Using Greg's helpful answer here, I fit a second order polynomial regression line to my dataset:

poly.fit<-lm(y~poly(x,2),df)

When I plot the line, I get the graph below:

The coefficients are:

# Coefficients:
#   (Intercept)     poly(x, 2)1     poly(x, 2)2  
#         727.1           362.4          -269.0

I then wanted to find the x-value of the peak. I assume there is an easy way to do so in R but I did not know it,* so I went to Wolfram Alpha. I entered the equation:

y=727.1+362.4x-269x^2

Wolfram Alpha returned the following:

As you can see, the function intersects the x-axis at approximately x=2.4. This is obviously different from my plot in R, which ranges from 0≤x≤80. Why are these different? Does R interpret my x-values as a fraction of some backroom variable?
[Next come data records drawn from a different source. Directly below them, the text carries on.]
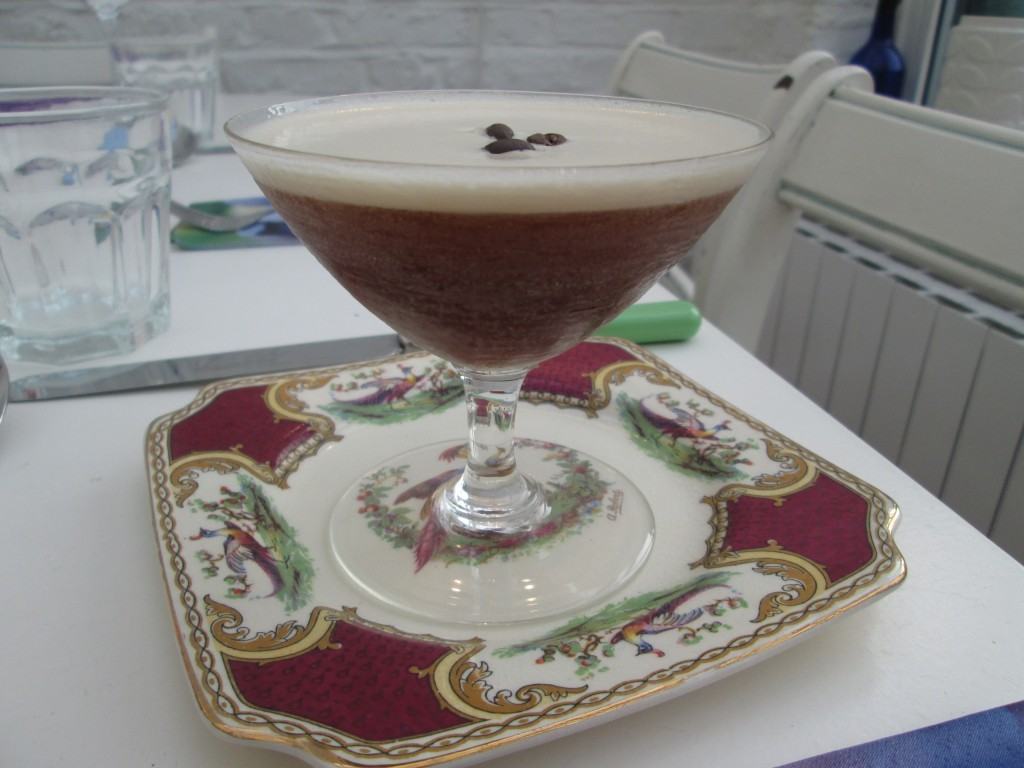 Espresso-martini-lucyloves-foodblog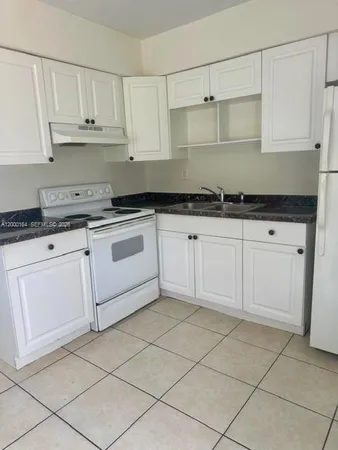 $1,950 | 5649 Southwest 27th Street, Unit 1, West Park, FL 33023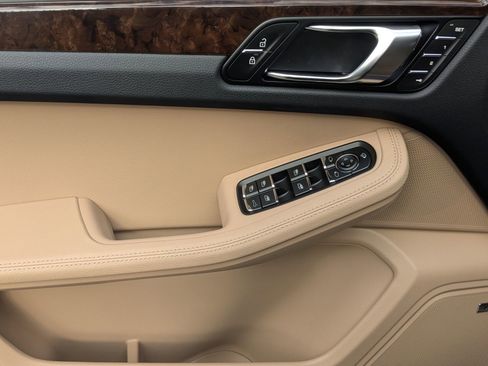 New 2026 Porsche Macan image 13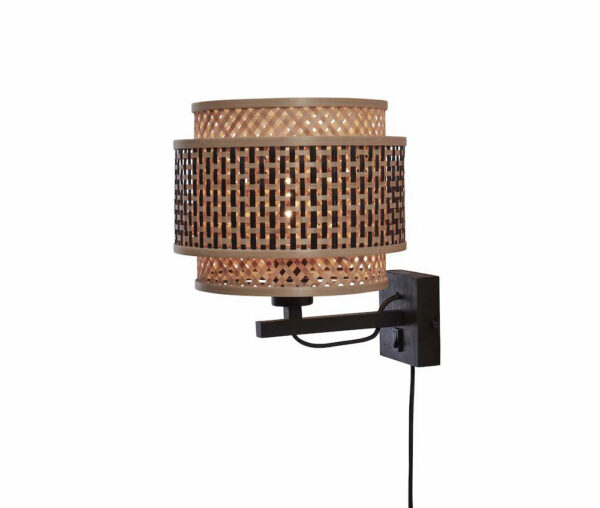 Applique Bhutan avec bras et abat-jour en Bambou naturel au design naturel par Good & Mojo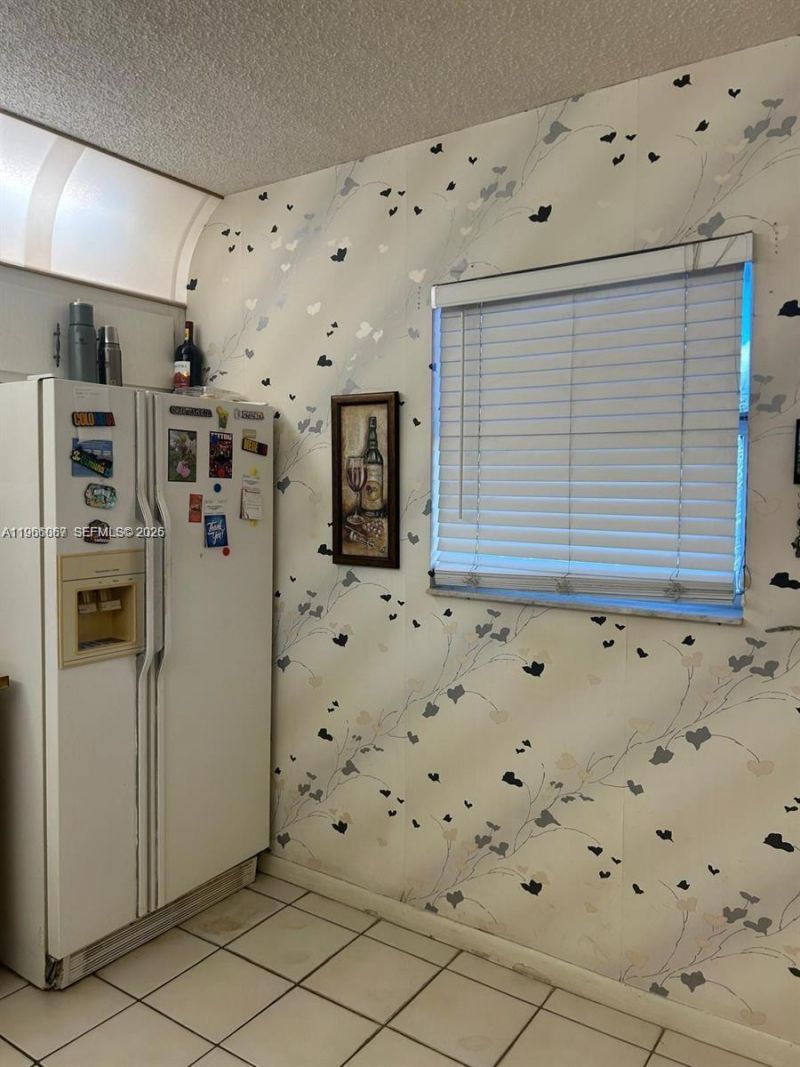 2840 Somerset Dr , Unit 400M, Lauderdale Lakes, FL 33311 Photo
*I would also appreciate answers on how to find this peak. Obviously I could take the derivative, but how do I set to zero?

Answer 1

In the case of a quadratic polynomial, you can of course use a little calculus and algebra (once you have friendly coefficients).

Somewhat more generally, you can get an estimate by evaluating your model over a range of candidate values and determining which one gives you the maximum response value.

Here is a (only moderately robust) function which will work here.

xmax <- function(fit, startx, endx, x='x', within=NA){
    ## find approximate value of variable x where model 
    ## specified by fit takes maximum value, inside interval 
    ## [startx, endx]; precision specified by within

    within <- ifelse(is.na(within), (endx - startx)/100, within)
    testx <- seq(startx, endx, by=within)
    testlist <- list(testx)
    names(testlist)[1] <- x
    testy <- predict(fit, testlist)
    testx[which.max(testy)]
}

Note if your predictor variable were called something other than x, you have to specify it as a string in the x parameter.

So to find the x value where your curve has its peak:

xmax(poly.fit, 50, 80, within=0.1)

Answer 2

Use predict.

 plot( 40:90, predict( poly.fit, list(x=40:90) )